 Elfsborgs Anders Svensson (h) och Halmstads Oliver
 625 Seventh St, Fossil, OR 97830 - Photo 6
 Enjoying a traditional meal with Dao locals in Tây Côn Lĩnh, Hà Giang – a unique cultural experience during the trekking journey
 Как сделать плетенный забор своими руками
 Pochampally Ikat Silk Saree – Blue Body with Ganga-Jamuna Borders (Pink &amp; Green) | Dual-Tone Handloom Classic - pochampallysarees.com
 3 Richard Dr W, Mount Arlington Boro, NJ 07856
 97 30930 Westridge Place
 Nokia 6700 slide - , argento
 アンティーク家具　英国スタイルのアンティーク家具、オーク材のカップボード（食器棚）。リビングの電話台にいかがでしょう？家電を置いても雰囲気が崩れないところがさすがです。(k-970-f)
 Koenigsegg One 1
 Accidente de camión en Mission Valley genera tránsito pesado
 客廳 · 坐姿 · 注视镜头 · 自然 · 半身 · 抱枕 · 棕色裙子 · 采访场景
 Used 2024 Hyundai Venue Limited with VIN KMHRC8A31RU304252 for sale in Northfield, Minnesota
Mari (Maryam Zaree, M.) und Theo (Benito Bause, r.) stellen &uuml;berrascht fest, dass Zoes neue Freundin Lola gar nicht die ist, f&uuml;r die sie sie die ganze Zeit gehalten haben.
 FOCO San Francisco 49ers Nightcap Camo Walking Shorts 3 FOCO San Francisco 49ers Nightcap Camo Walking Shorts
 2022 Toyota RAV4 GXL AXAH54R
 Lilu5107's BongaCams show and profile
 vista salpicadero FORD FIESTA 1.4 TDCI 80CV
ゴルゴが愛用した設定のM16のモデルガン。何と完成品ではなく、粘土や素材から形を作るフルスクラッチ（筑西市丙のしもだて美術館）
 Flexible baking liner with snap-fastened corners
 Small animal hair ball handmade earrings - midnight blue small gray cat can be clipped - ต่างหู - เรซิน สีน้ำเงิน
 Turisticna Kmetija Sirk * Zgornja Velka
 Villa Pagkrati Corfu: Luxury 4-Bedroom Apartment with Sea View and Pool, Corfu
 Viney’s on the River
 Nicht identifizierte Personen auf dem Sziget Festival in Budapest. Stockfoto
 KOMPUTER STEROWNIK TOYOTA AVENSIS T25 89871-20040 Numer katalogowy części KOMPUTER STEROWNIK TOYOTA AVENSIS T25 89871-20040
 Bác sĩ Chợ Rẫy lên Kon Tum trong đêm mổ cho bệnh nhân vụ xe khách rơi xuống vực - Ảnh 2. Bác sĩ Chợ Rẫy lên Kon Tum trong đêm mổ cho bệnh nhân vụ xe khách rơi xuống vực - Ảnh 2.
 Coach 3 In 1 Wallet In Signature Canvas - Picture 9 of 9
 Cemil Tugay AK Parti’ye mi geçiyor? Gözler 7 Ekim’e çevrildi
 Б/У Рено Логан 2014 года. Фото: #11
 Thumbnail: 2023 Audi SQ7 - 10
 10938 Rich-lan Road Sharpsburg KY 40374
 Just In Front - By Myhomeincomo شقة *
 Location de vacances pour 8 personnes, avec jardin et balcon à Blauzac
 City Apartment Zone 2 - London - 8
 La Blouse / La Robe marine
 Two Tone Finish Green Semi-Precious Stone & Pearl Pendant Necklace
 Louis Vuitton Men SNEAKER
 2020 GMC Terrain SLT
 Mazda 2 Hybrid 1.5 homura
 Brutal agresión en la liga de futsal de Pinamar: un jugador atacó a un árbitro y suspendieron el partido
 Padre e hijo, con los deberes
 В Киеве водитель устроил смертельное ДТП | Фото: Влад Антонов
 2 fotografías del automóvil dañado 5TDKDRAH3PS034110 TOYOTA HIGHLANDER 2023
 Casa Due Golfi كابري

■ ■ ■ ■

* **TASK OBJECTIVE**:
Among the records above, extract exactly the lines from the line with "FOCO San Francisco 49ers Nightcap Camo Walking Shorts 3" to the line with "KOMPUTER STEROWNIK TOYOTA AVENSIS T25 89871-20040 Numer", both lines included, and leave out the rest.

* **EXPECTED ANSWER**:
 FOCO San Francisco 49ers Nightcap Camo Walking Shorts 3 FOCO San Francisco 49ers Nightcap Camo Walking Shorts
 2022 Toyota RAV4 GXL AXAH54R
 Lilu5107's BongaCams show and profile
 vista salpicadero FORD FIESTA 1.4 TDCI 80CV
ゴルゴが愛用した設定のM16のモデルガン。何と完成品ではなく、粘土や素材から形を作るフルスクラッチ（筑西市丙のしもだて美術館）
 Flexible baking liner with snap-fastened corners
 Small animal hair ball handmade earrings - midnight blue small gray cat can be clipped - ต่างหู - เรซิน สีน้ำเงิน
 Turisticna Kmetija Sirk * Zgornja Velka
 Villa Pagkrati Corfu: Luxury 4-Bedroom Apartment with Sea View and Pool, Corfu
 Viney’s on the River
 Nicht identifizierte Personen auf dem Sziget Festival in Budapest. Stockfoto
 KOMPUTER STEROWNIK TOYOTA AVENSIS T25 89871-20040 Numer katalogowy części KOMPUTER STEROWNIK TOYOTA AVENSIS T25 89871-20040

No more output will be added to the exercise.